China Spotlight: Drone use in AgriTech
From loss adjusting, enabling prevention based natural catastrophe cover and crop dusting (the remote spraying of insecticides and fertilizers), low cost drones are breathing new life into rural China’s farms. The number of drones used on China’s farms has grown from about 500 in 2014 to over 8,000 by the end of 2016. Additionally, the fact that 70% of the world’s commercial drones are already manufactured in Shenzhen only bolsters the opportunity and several property insurers are pioneering the effort with multiple use caes including:
1. Crop Monitoring
The use of satellite images has long enabled insurers and re-insurers to model natcat losses and assess the risk to individual locations and entire portfolios. One of the most active programes is this space is Swiss Re’s Opti Crop, a web-based portal that helps farmers compare information about the state of their crops against regional benchmarks. Swiss Re is also combining it’s weather index product with a satellite-based flood parametric product to assesses agricultural claims based on triggers from satellite and meteorological data ultimately allowing provincial governments to access financing for post-disaster reconstruction and relief.
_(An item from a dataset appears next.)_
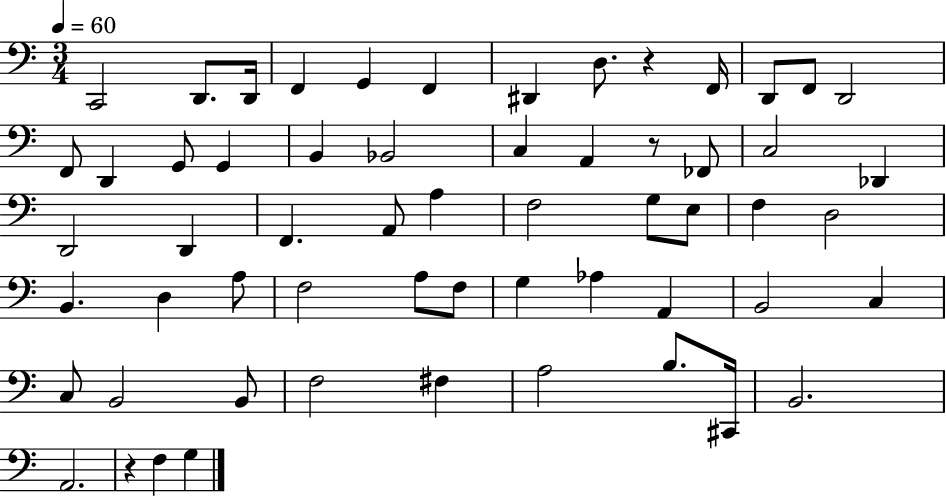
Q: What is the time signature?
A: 3/4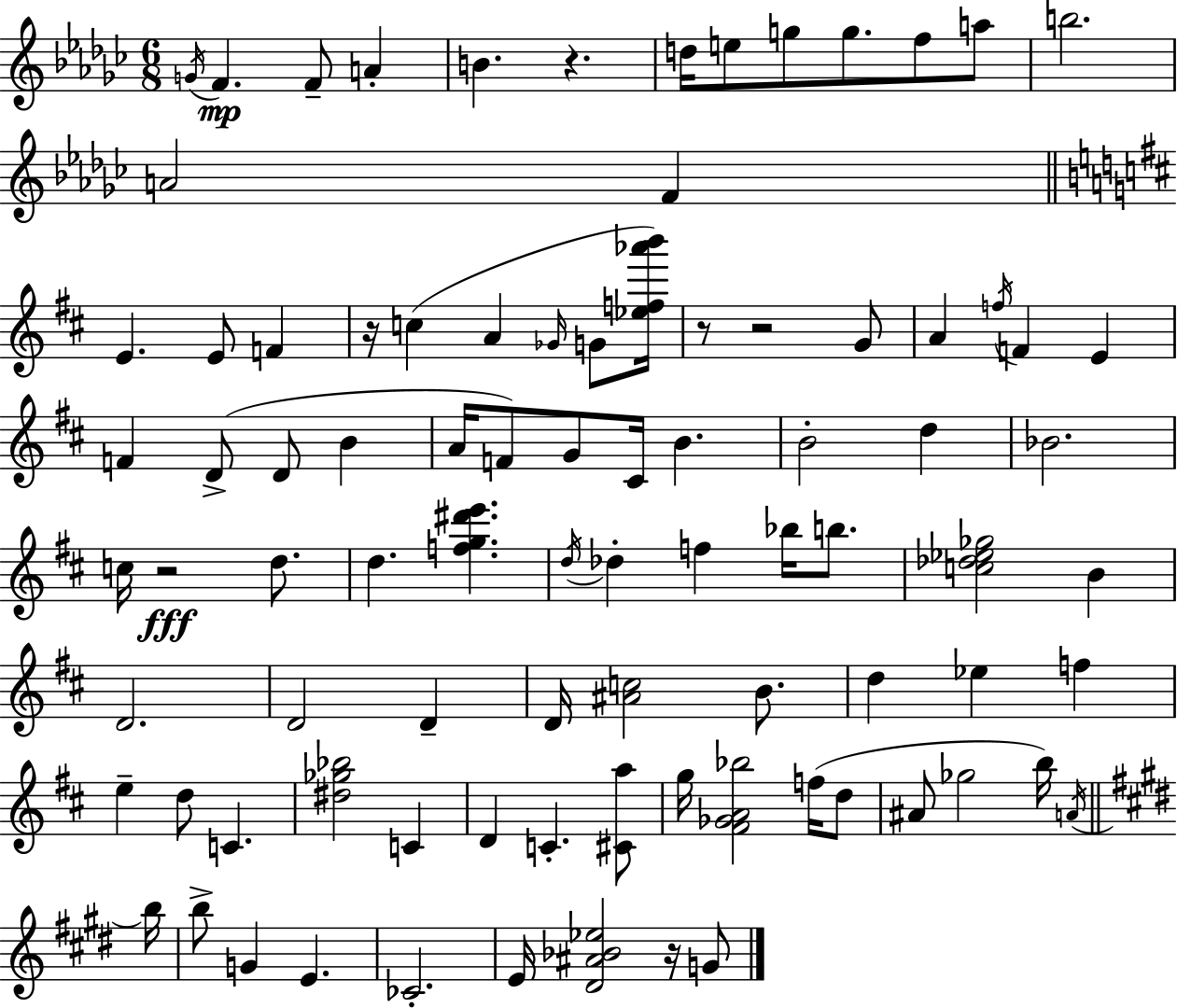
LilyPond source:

The use of hand held drones can also perform basic crop monitoring functions whilst simultaneously activating precision agriculture by enabling the dispersal of fertilizer, pesticides and herbicides in addition to using water more efficiently.
2. Loss Adjusting
The ability to assess damage caused by natural disasters is currently being enabled through the use of satellite imagery that can prioritize field visits and simplify claims processing in the aftermath of a disaster. However the addition of low altitude drones can augment satellite data by validating claims in addition to delivering search and rescue functions.
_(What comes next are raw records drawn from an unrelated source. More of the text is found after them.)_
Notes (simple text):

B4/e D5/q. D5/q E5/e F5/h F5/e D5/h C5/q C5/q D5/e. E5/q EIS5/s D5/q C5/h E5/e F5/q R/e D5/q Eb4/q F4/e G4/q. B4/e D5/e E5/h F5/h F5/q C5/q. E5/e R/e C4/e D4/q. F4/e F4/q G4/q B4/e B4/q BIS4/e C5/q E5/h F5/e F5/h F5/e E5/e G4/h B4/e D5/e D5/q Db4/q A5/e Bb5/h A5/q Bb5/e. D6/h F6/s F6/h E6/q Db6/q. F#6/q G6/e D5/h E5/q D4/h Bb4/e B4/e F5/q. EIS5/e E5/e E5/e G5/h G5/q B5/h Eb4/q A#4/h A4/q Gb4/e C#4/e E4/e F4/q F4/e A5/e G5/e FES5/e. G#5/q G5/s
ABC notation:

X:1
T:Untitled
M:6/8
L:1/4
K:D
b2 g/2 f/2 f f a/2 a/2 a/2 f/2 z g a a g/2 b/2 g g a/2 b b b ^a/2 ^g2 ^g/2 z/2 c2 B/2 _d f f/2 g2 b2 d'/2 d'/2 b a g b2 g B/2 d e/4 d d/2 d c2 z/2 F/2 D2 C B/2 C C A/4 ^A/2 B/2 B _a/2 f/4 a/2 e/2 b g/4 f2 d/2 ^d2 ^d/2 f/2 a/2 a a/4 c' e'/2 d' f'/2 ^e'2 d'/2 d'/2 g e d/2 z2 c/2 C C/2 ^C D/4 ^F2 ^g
China United Insurance tested out 12 new Unmanned Aerial Vehicles (UAV) and related handheld devices designed for agricultural insurance surveying. Specifically, these drones are deployed for the purpose of catastrophe modeling, damage appraisal and claims settlement. This second batch of UAVs is a result of the innovation laboratory jointly funded by China United Insurance and the China Agricultural Information Technology Research Center.
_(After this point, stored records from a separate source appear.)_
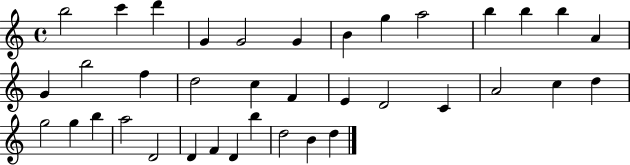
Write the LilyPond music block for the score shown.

{
  \clef treble
  \time 4/4
  \defaultTimeSignature
  \key c \major
  b''2 c'''4 d'''4 | g'4 g'2 g'4 | b'4 g''4 a''2 | b''4 b''4 b''4 a'4 | \break g'4 b''2 f''4 | d''2 c''4 f'4 | e'4 d'2 c'4 | a'2 c''4 d''4 | \break g''2 g''4 b''4 | a''2 d'2 | d'4 f'4 d'4 b''4 | d''2 b'4 d''4 | \break \bar "|."
}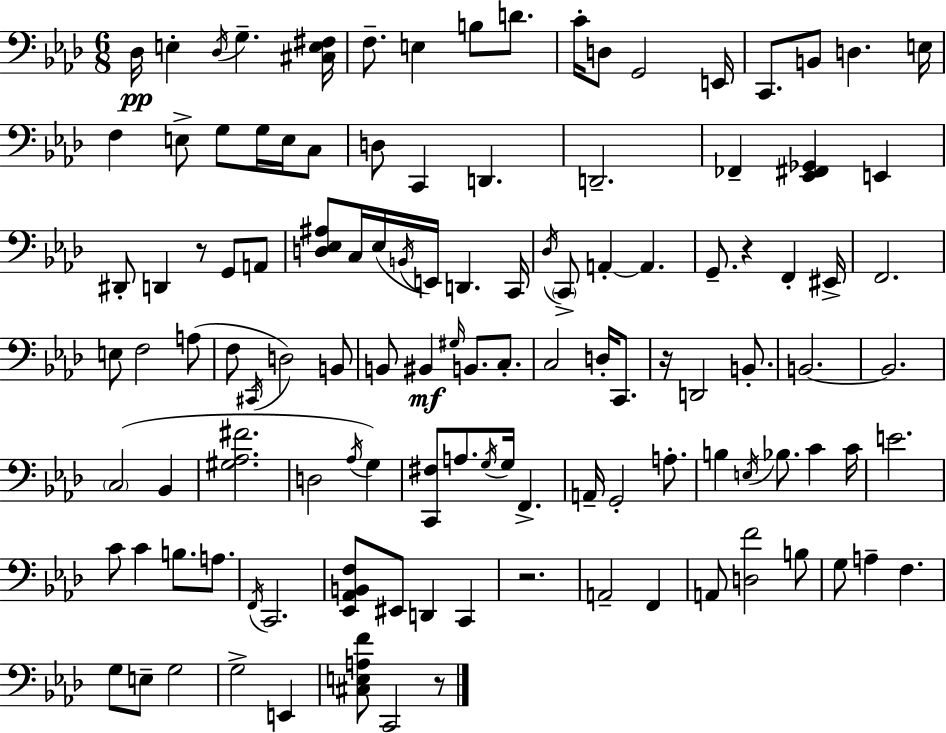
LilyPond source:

{
  \clef bass
  \numericTimeSignature
  \time 6/8
  \key f \minor
  \repeat volta 2 { des16\pp e4-. \acciaccatura { des16 } g4.-- | <cis e fis>16 f8.-- e4 b8 d'8. | c'16-. d8 g,2 | e,16 c,8. b,8 d4. | \break e16 f4 e8-> g8 g16 e16 c8 | d8 c,4 d,4. | d,2.-- | fes,4-- <ees, fis, ges,>4 e,4 | \break dis,8-. d,4 r8 g,8 a,8 | <d ees ais>8 c16 ees16( \acciaccatura { b,16 } e,16) d,4. | c,16 \acciaccatura { des16 } \parenthesize c,8-> a,4-.~~ a,4. | g,8.-- r4 f,4-. | \break eis,16-> f,2. | e8 f2 | a8( f8 \acciaccatura { cis,16 } d2) | b,8 b,8 bis,4\mf \grace { gis16 } b,8. | \break c8.-. c2 | d16-. c,8. r16 d,2 | b,8.-. b,2.~~ | b,2. | \break \parenthesize c2( | bes,4 <gis aes fis'>2. | d2 | \acciaccatura { aes16 }) g4 <c, fis>8 a8. \acciaccatura { g16 } | \break g16 f,4.-> a,16-- g,2-. | a8.-. b4 \acciaccatura { e16 } | bes8. c'4 c'16 e'2. | c'8 c'4 | \break b8. a8. \acciaccatura { f,16 } c,2. | <ees, aes, b, f>8 eis,8 | d,4 c,4 r2. | a,2-- | \break f,4 a,8 <d f'>2 | b8 g8 a4-- | f4. g8 e8-- | g2 g2-> | \break e,4 <cis e a f'>8 c,2 | r8 } \bar "|."
}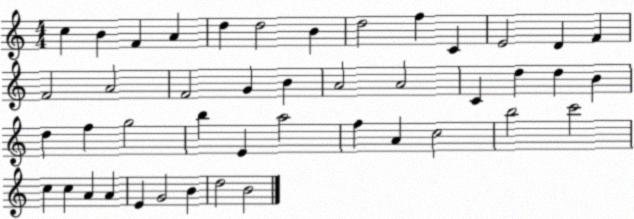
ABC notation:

X:1
T:Untitled
M:4/4
L:1/4
K:C
c B F A d d2 B d2 f C E2 D F F2 A2 F2 G B A2 A2 C d d B d f g2 b E a2 f A c2 b2 c'2 c c A A E G2 B d2 B2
Not to be outdone, China’s largest agricultural insurer, PICC, is also using drones with remote sensing technology to help it appraise damage and settle claims with Chinese farmers. In 2015, when an infamous warehouse explosion devastated the port city of Tianjin, PICC turned to used drones to analyse and estimate the extent of the damage for Volkswagen. Developed in conjunction with the IRSA (Institute of Remote Sensing Applications), the PICC drone is the most advanced unmanned aerial vehicle for civilian use in China and in addition to drones, next-generation handheld devices for agricultural insurance surveys are nearing completion which will further enable data transfer from claimants to China United’s regional branches.
3. Preventative Natural Catastrophe Cover
There is an increasing awareness amongst both property insurers and rural government agencies that it is not enough to respond to natural catastrophes and rebuild livelihoods when they happen, there’s an even more pressing need to invest in disaster readiness and mitigation measures.
Specifically, although the Chinese have already developed sophisticated warning systems for extreme weather events, these systems are now being ported to WeChat, Weibo, QQ and Weibo, to push real-time updates and ultimately incentivise those potentially in the path of earthquake, landslide and typhoon alerts to evacuate.
Several drone development centers have been established including the China Agricultural Information Technology Research Center and the China Reinsurance Catastrophe Research Centre, both of which are developing advanced features for next generation drones.
Low altitude drones are already re-inventing the way property insurers and rural governments are approaching natural catastrophes. Although rural communities are benefiting from the proliferation of drones, it’s important to remember that drone functionality is still in its nascency and drones will soon be able to perform mundane tasks such as pesticide dispersal and remote reconnaissance of regions suffering natural disasters.